▸ **PROBLEM DETAILS**:
Return the lines of the data below in which the string "Before" occurs.

### RECORDED INFORMATION

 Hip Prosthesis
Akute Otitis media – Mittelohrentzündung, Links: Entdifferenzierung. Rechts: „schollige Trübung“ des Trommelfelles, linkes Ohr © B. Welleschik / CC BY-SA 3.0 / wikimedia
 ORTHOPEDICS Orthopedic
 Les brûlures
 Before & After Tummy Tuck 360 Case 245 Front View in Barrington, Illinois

######
### RECORDED INFORMATION

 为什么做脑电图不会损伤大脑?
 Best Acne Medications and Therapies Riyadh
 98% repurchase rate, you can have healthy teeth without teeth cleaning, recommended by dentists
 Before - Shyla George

######

▸ **PROBLEM SOLUTION**:
 Before & After Tummy Tuck 360 Case 245 Front View in Barrington, Illinois
 Before - Shyla George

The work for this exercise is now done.